Qu’est-ce qui vous impressionne au cinéma ?

Les dialogues lorsqu’ils sont bien écrits et interprétés (je pense par exemple à la scène de la dispute dans Anatomie d’une chute de Justine Triet).

Qu’est-ce qui vous amuse au cinéma ?

Les personnages qui sont à la fois un peu pathétiques et un peu méchants. J’ai beaucoup ri devant La femme de mon frère de Monia Chokri.

Qu’est ce qui vous effraie au cinéma ?

Les films d’horreur lorsqu’ils sont étranges et qu’on en voit les coutures, comme Massacre à la tronçonneuse de Tobe Hooper ou Les révoltés de l’an 2000. de Narciso Ibáñez Serrador. 
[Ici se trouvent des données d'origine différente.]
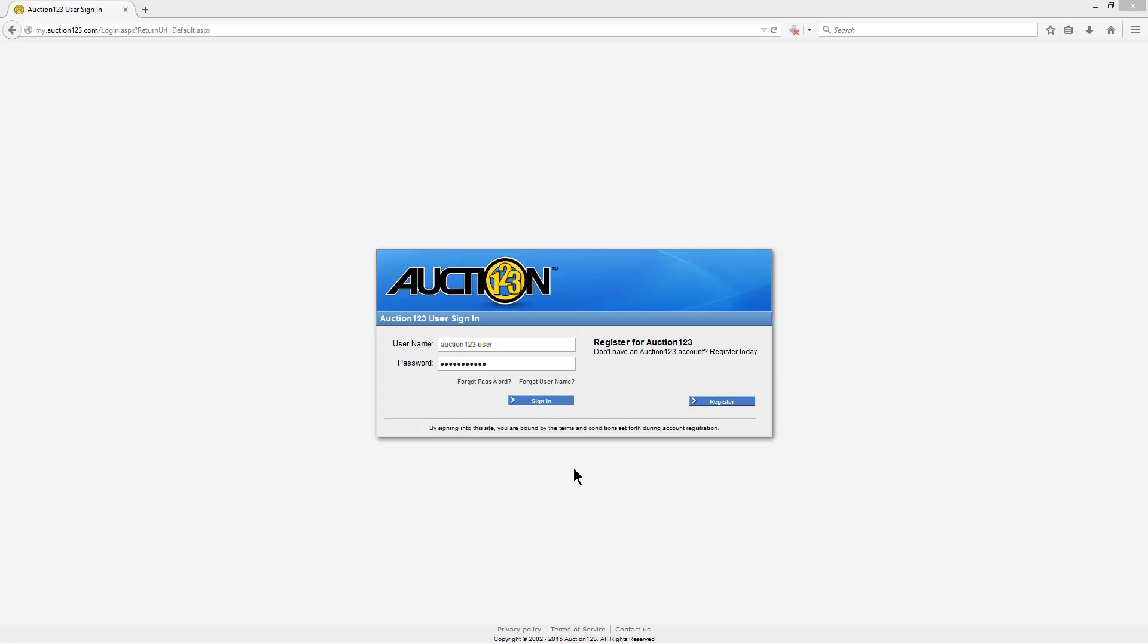To grant the token initially, start by signing in to your Auction123 dashboard. I've already entered my username and password, so I'll just click Sign In.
Quels sont les films qui vous habitent ?

The Souvenir - Part I de Joanna Hogg. Je l’ai vu il y a un an et j’y repense très souvent mais je n’ai toujours pas regardé la deuxième partie.

Dans quels films aimeriez-vous habiter ?

Bianca de Nani Moretti


Quel cliché vous plaît secrètement au cinéma ?

Tous les rouages de films d’ados ou de films d’horreur, que j’ai déjà vu mille fois mais que je prends toujours plaisir à retrouver.

Qu’est-ce que vous faites quand vous vous ennuyez devant un film ?

Je m’endors.

Le cinéma laisse-t-il son empreinte sur votre travail ? 

Oui beaucoup. Lorsque je réfléchis à un sujet de dessin, il y a toujours des souvenirs de cinéma qui me reviennent, des scènes que j’ai envie de revoir, des ambiances colorées qui sont une genèse aux couleurs que je vais choisir, des cadrages dont je m’inspire pour construire mon dessin.

Si vous faisiez du cinéma, ça ressemblerait à quoi ?

Inévitablement un film ensoleillé, avec beaucoup de rose.

Quelles sont les sensations que vous procure le cinéma que vous ne trouvez pas ailleurs ?

Plus que le cinéma en lui-même, la salle de cinéma est le seul endroit où j’arrive à me couper complètement du monde et à ne plus penser à rien. Ça m’est souvent arrivé d’aller voir un film au hasard, juste pour me changer les idées, avec parfois des belles surprises.

Et inversement : que trouvez-vous ailleurs que vous ne trouvez pas dans le cinéma ?

La lecture oblige à imaginer les personnages, les lieux, à les peindre et à leur donner vie dans sa tête. Lorsque je lis il y a parfois des scènes que je me représente très nettement et auxquelles j’ajoute mes propres détails, ou des personnages qui m’inspirent et que je peux me représenter librement. C’est souvent des points de départ que j’utilise ensuite dans mon travail.

Vous arrive-t-il de dessiner pendant ou après les films ?

Jamais pendant, j’en serais bien incapable ! Mais j’ai souvent des idées ou des envies de dessins qui naissent pendant un visionnage ou lorsque j’y repense avant de dormir.

Avec quelles autres pratiques artistiques votre travail dialogue-t-il le plus ?

La littérature et la photographie.

Est-ce que votre travail vous ressemble ?

Oui.

Si on faisait un film sur vous ce serait un film sur quoi ?

Ce serait sûrement un film du quotidien, sur la déprime lente de l’hiver et le sentiment de renaissance au printemps, habité par des personnages qui ressembleraient à mes copines.
Je m’appelle Lisa Carpagnano, je suis née en 1994 et je vis à Rennes. Après mes études à l’École Estienne à Paris, j’ai travaillé en tant que graphiste indépendante pendant 6 ans. Au retour d’un voyage de plusieurs mois au Japon en 2023, j’ai finalement mis de côté le graphisme pour me consacrer à l’illustration. Je travaille au crayon de couleur et réalise des compositions narratives. Je suis aujourd’hui représentée par l’agence Valérie Oualid.